The deal turned out to be "a total game changer, a crucial
piece in the larger jigsaw puzzle Google put together," said Timothy
Armstrong.
Google owns the
world’s leading search engine, it operates the largest video-hosting service in
YouTube, and its popular web browser, email, map and meeting software is used
by billions of people.
But its financial
heft — the source of nearly all its enormous profits — is advertising. And
perhaps no day was more pivotal in transforming Google into a powerhouse across
the entire digital
advertising industry than April 13, 2007, when the company clinched a deal
to buy DoubleClick for $3.1 billion.
The deal turned
out to be “a total game changer, a crucial piece in the larger jigsaw puzzle
Google put together,” said Timothy Armstrong, a former Google executive who
championed the acquisition.
It has also turned
out to be a classic example of why a growing number of antitrust experts say
lawmakers need to broadly rethink how mergers are regulated when the buyer is a
tech company with strong and growing market power.
Google’s ad
business is now a focus of wide-ranging investigations by the Justice
Department and state attorneys general.
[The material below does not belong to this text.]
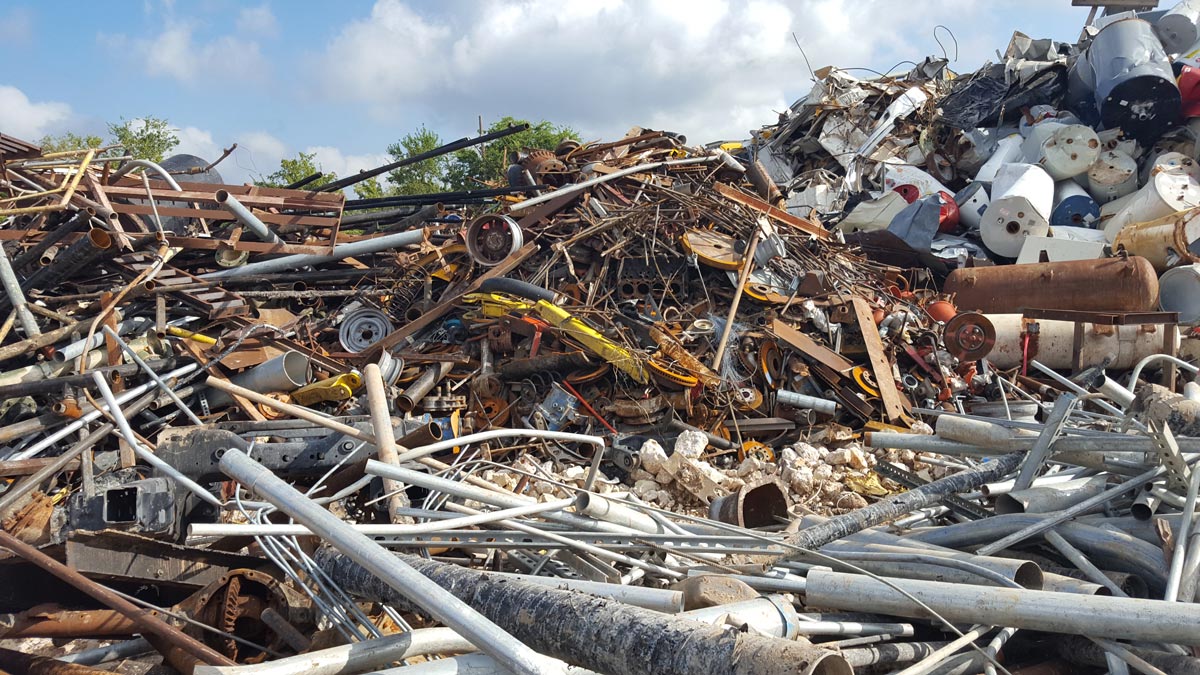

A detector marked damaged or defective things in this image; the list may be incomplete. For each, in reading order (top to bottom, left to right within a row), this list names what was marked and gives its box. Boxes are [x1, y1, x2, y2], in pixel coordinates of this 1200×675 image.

rusted steel drum [948, 256, 1160, 314]
rusty metal pipe [948, 255, 1160, 316]
rusty metal pipe [0, 532, 234, 668]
The scrutiny includes whether the
company choked off competitors, or shortchanged advertisers and publishers, and
how it assembled its ad empire, including DoubleClick, an ad technology company
and marketplace.
The Justice
Department is expected to file an antitrust suit against Google by the end of
the month. It is unclear whether the case will be focused on the ad business,
or concentrate on renewed allegations that Google’s search algorithm gives
preference to its shopping and other commerce services and hobbles rivals.